Désormais, le drame véritable, c'est-à-dire notre vie et notre avenir, se joue dans les coulisses des montreurs de marionnettes.
Là,
sous la garde vigilante d'une monarchie élective, se trouve toute la
réalité du pouvoir. Il s'exerce à tous les niveaux, sans intervention de
ceux qu'on appelle encore des « citoyens », bien qu'ils n'aient plus
aucun contrôle sur la gestion de la cité.
Les
uns se réclament d'une droite brandissant l'étendard du « libéralisme »
(celui de Reagan et de Thatcher, comme de Bush), les autres d'une
gauche baptisant « progrès » ce que l'un de leurs maîtres, Léon Blum,
appelait déjà, i l y a un demi-siècle, une politique de « gérants loyaux
du capitalisme ». Les « énarques » des deux bords régnent depuis les
cabinets ministériels jusqu'aux directions des préfectures, assurant
avec continuité le fonctionnement de la grande machine d'État.
Les
grandes décisions […] sont prises dans les comités, inconnus du public
et irresponsables devant le peuple, où de hauts fonctionnaires de l'État
rencontrent de grands « managers » du privé. Les uns et les autres
ayant la même formation et la même religion : le monothéisme du marché,
et le même avenir de retraite et de « pantouflage » dans les Conseils
d'administration des multinationales, s'ils ont été dociles à leurs lobbies et à leur pression.
« L'État », dans ses manifestations extérieures (sa police et sa
justice, ses administrations, ses réglementations et ses prisons), n'est
plus seulement le « veilleur de nuit » dont rêvaient les « libéraux »

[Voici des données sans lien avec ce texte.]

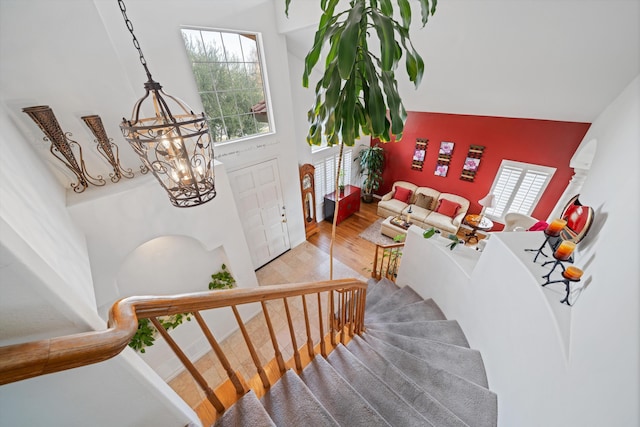 stairs featuring hardwood / wood-style flooring, a towering ceiling, and an inviting chandelier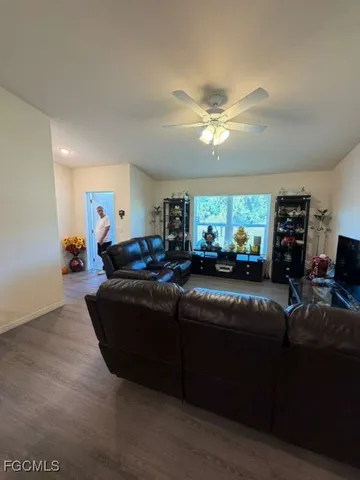 a living room with furniture a chandelier and a flat screen tv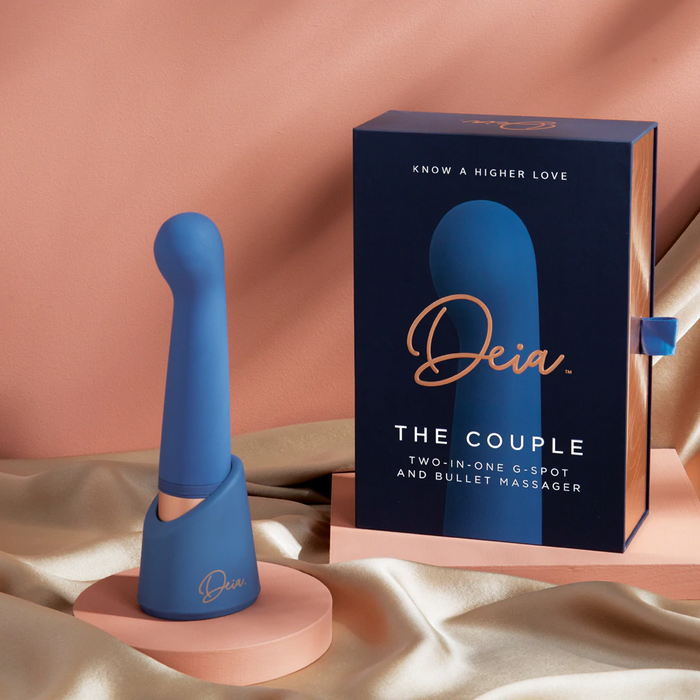 blue vibrator, with bottom base, beside box packaging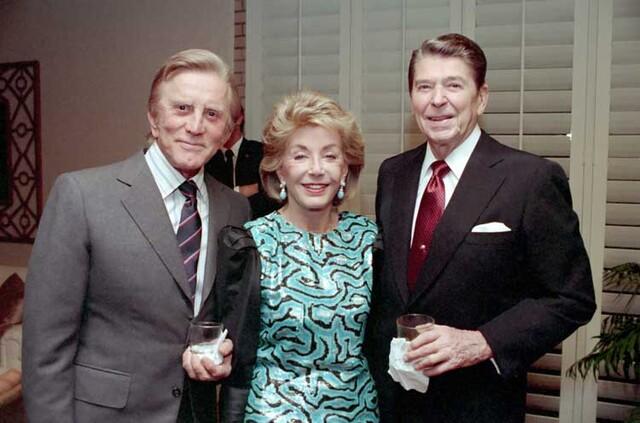 Kirk Douglas and wife Anne with President Ronald Reagan at an event in December 1987.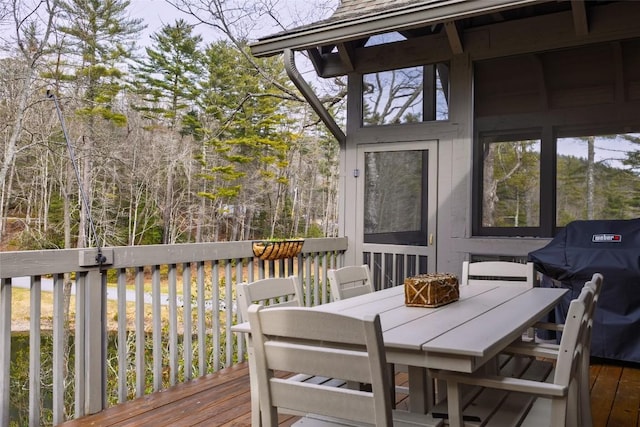 wooden terrace with outdoor dining space and area for grilling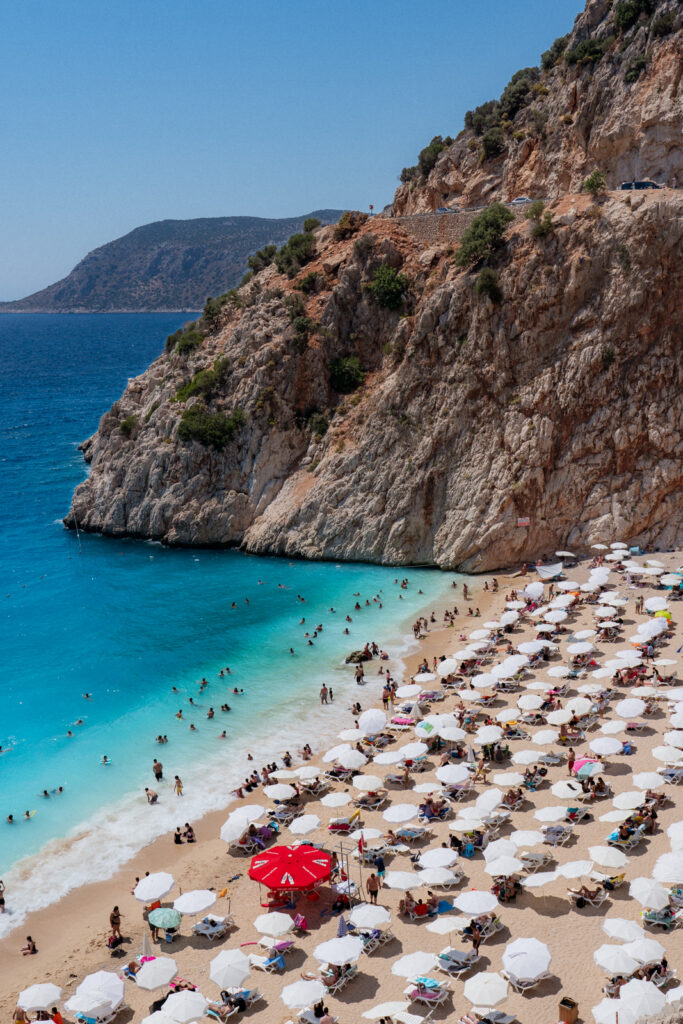 kaputas beach turkey with white umbrellas and blue water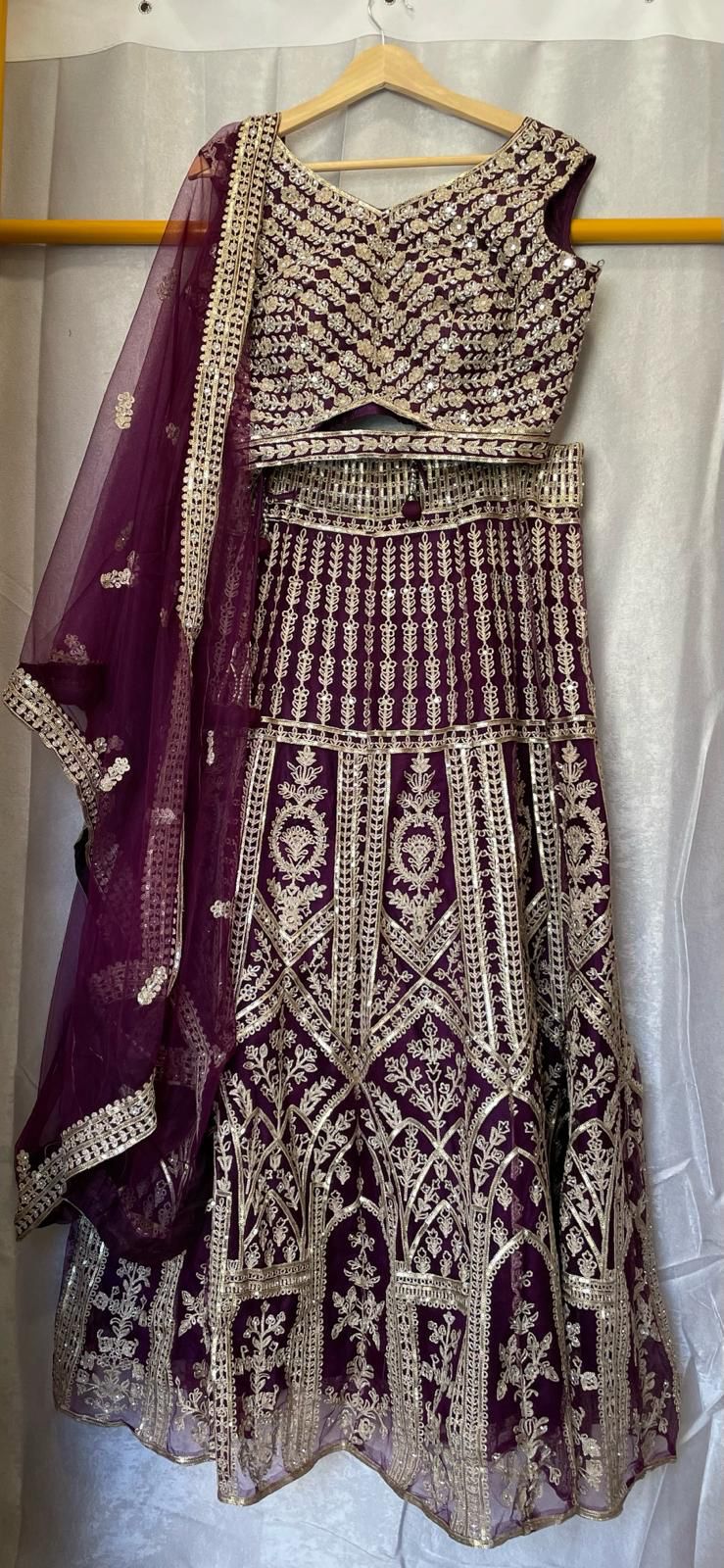 Aari work and zarkan designer wine lehenga with stylish choli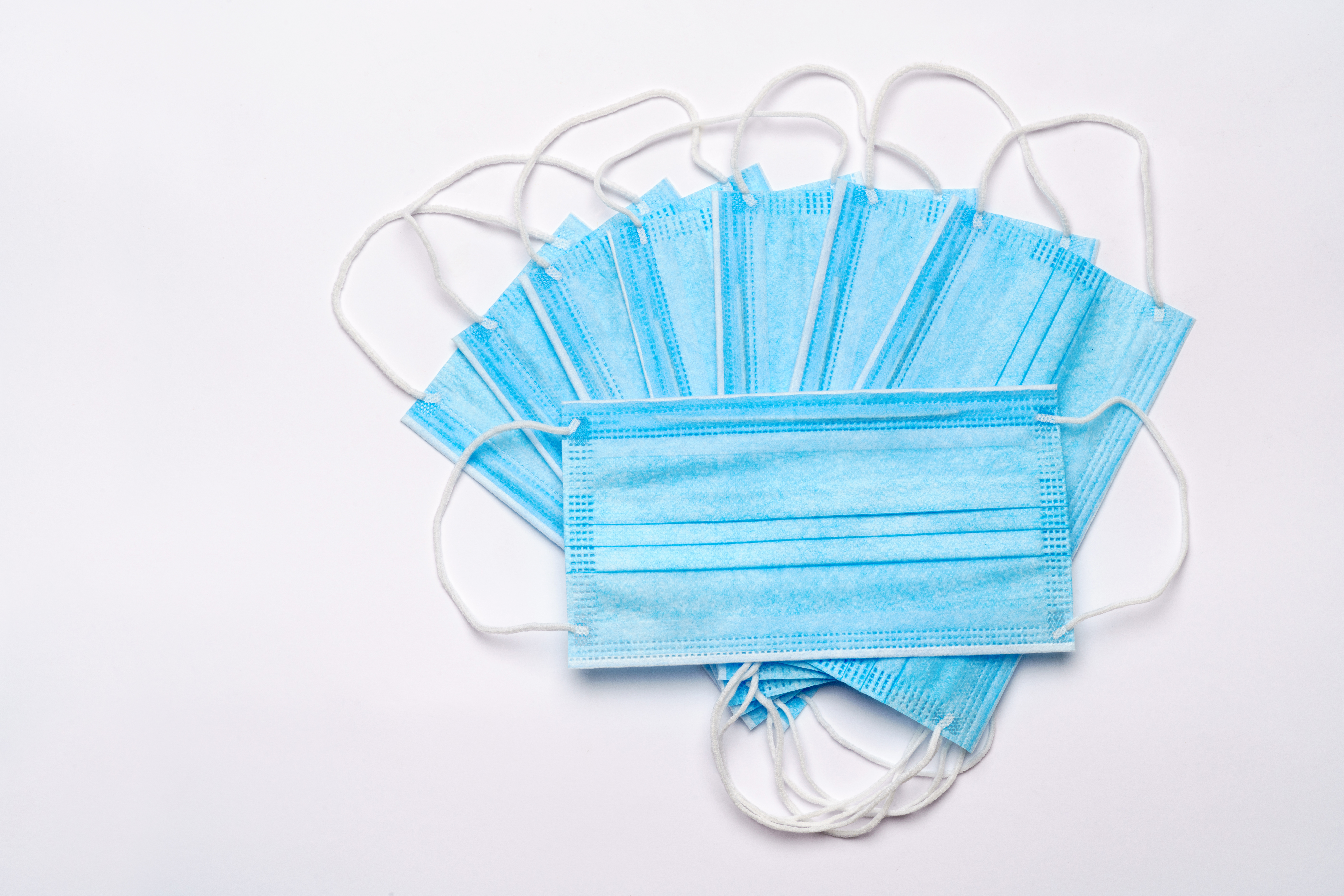 Blue surgical mask made with meltblown filter layer.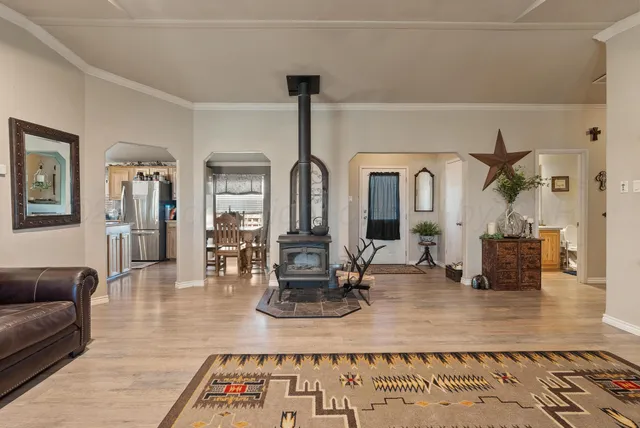 a living room with fireplace furniture and a wooden floor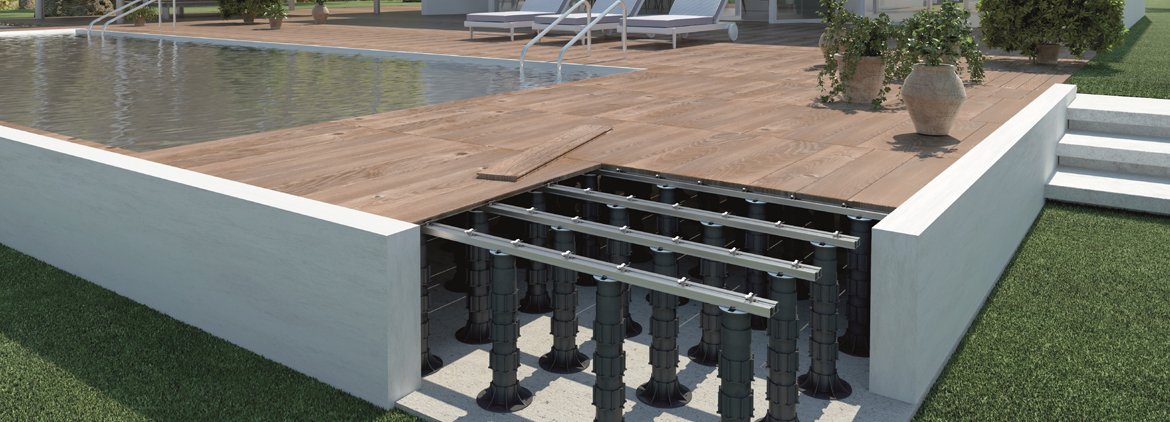 Paver pedestal system supporting deck planks with exposed support structure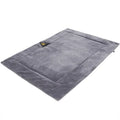 Self-heating pet mat in brown with soft fleece surface and non-slip base on wooden floor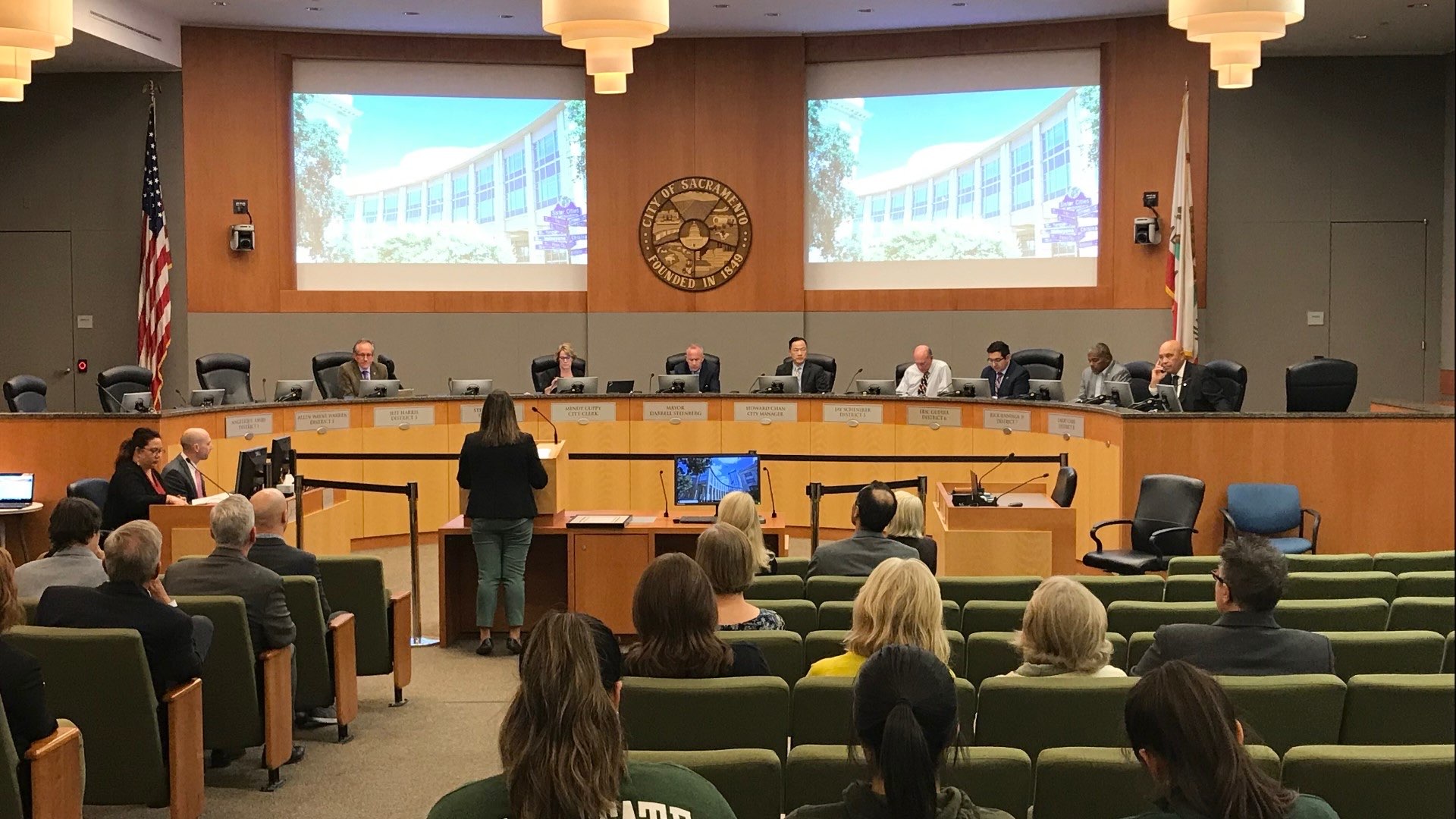 A resident speaks at the podium during public comment at a city council meeting.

du siècle dernier, mais l'appareil de répression de tout ce qui pourrait
entraver le libre jeu de l'économie de marché telle qu'on l'enseigne à
la Business School de Harvard, ou qu'on l'impulse à travers le monde au Council of Foreign relations de New York, sous le nom de « nouvel ordre international ».
Cette
« économie politique » est une science des choses et non des hommes. La
notion même de « science politique » est entendue au sens de
l'empirisme de Bentham, Locke, et du positivisme d'Auguste Comte. Elle
repose sur le dogme implicite d'un « ordre naturel » (celui du marché),
que l'homme ne peut transformer, mais seulement gérer.
Ce
système ressemble de plus en plus à celui des États-Unis : la société
est assimilée à une entreprise commerciale où la culture et la réflexion
sur les fins ne jouent aucun rôle.
Telle est la « science » qu'on enseigne à Sciences-Po ou à l'ENA.